What is needed – Give the records below again in full, exactly as written, but without any images.

Information given –
* * *
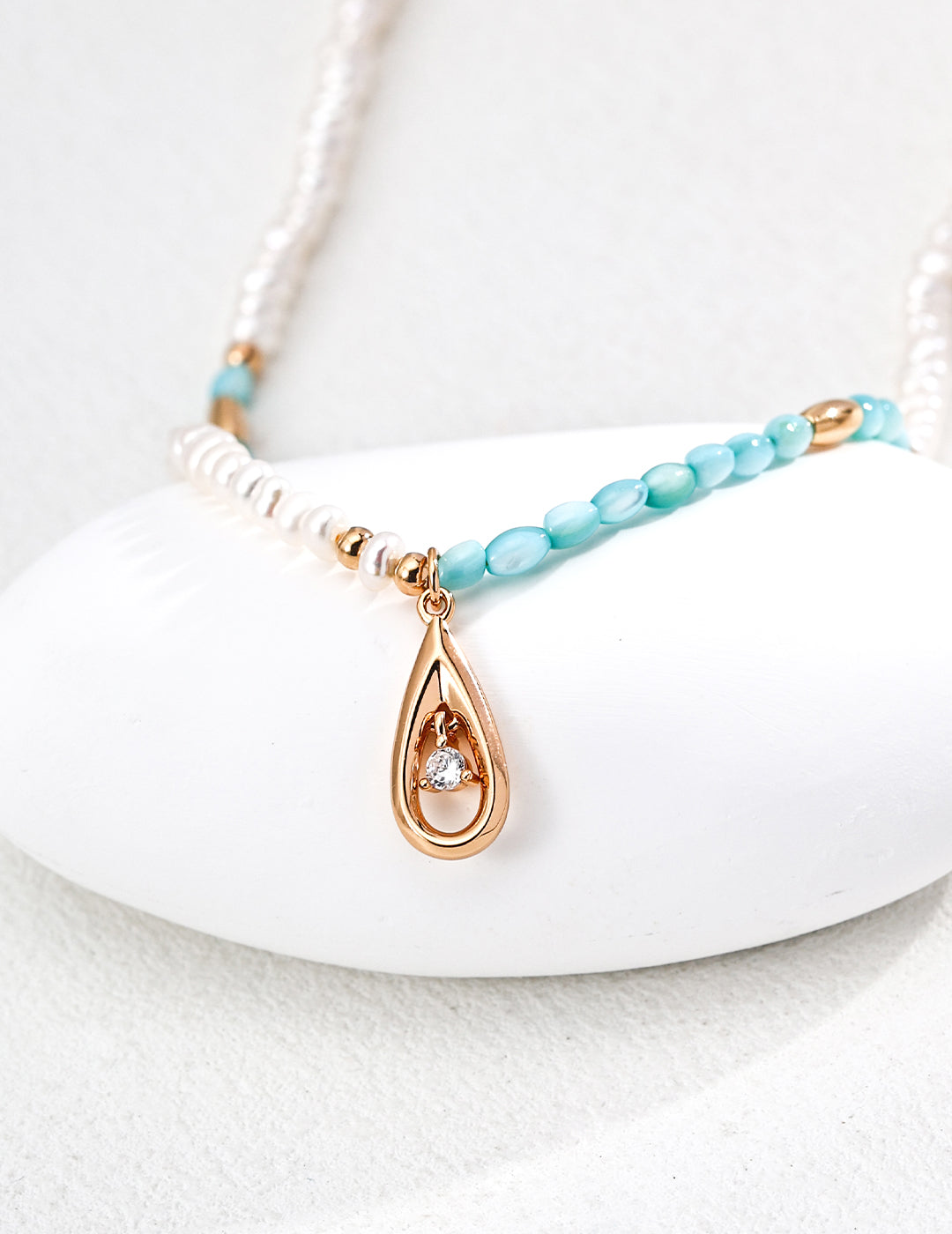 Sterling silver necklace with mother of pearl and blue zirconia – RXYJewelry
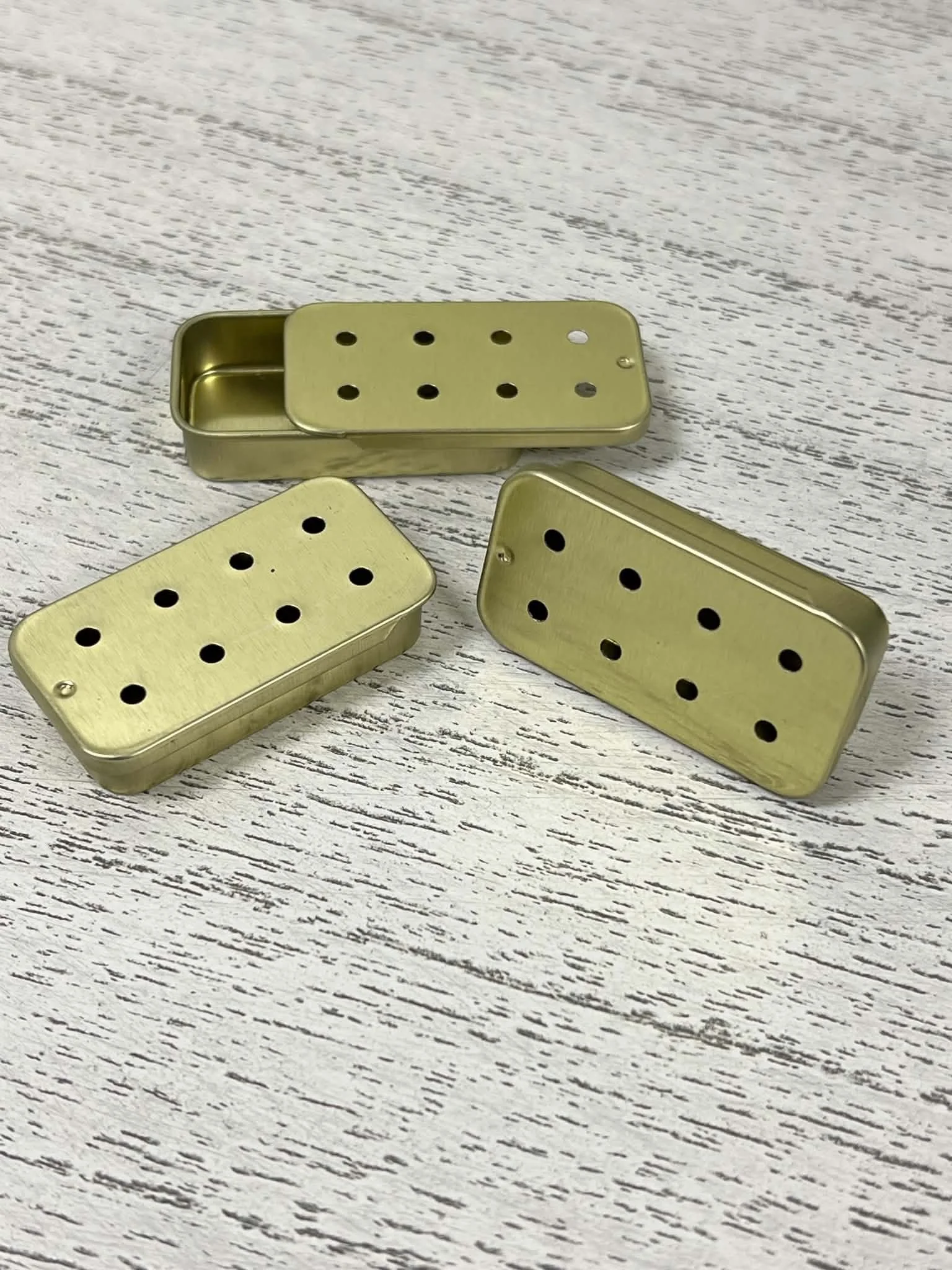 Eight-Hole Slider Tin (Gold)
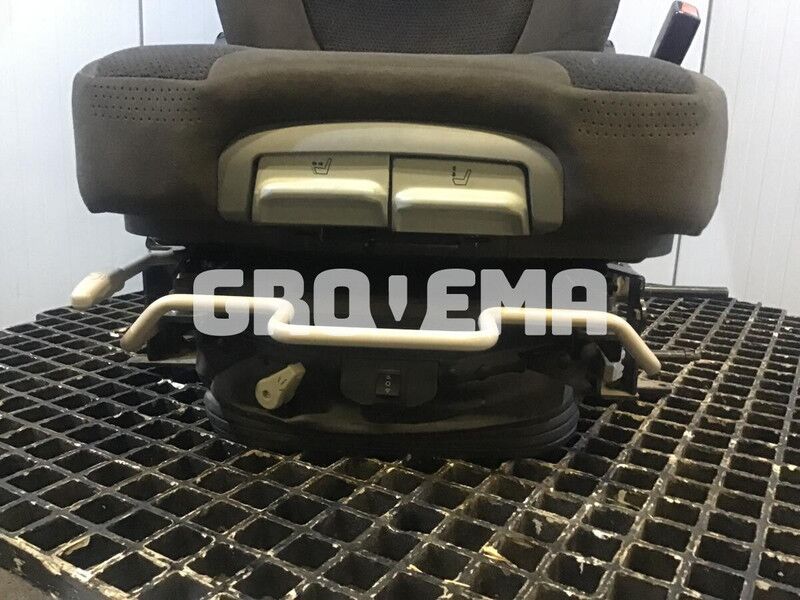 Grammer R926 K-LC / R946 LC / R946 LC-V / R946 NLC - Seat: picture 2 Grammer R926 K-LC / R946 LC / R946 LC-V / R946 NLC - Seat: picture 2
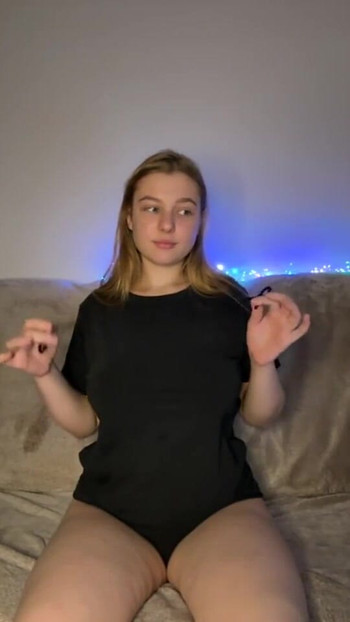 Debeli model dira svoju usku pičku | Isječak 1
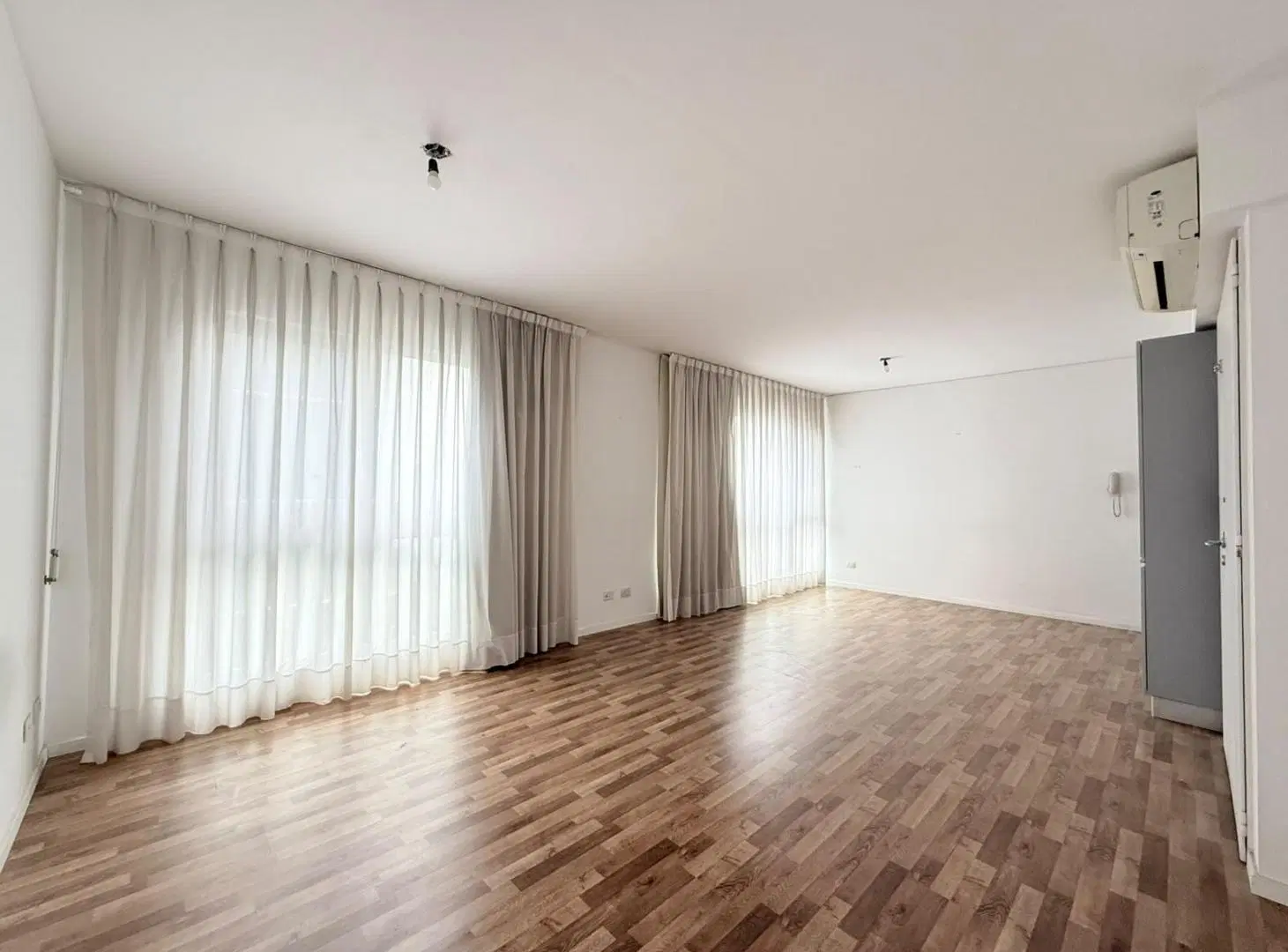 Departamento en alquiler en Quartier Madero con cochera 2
* * *
Exercise answer –
 Sterling silver necklace with mother of pearl and blue zirconia – RXYJewelry
 Eight-Hole Slider Tin (Gold)
 Grammer R926 K-LC / R946 LC / R946 LC-V / R946 NLC - Seat: picture 2 Grammer R926 K-LC / R946 LC / R946 LC-V / R946 NLC - Seat: picture 2
 Debeli model dira svoju usku pičku | Isječak 1
 Departamento en alquiler en Quartier Madero con cochera 2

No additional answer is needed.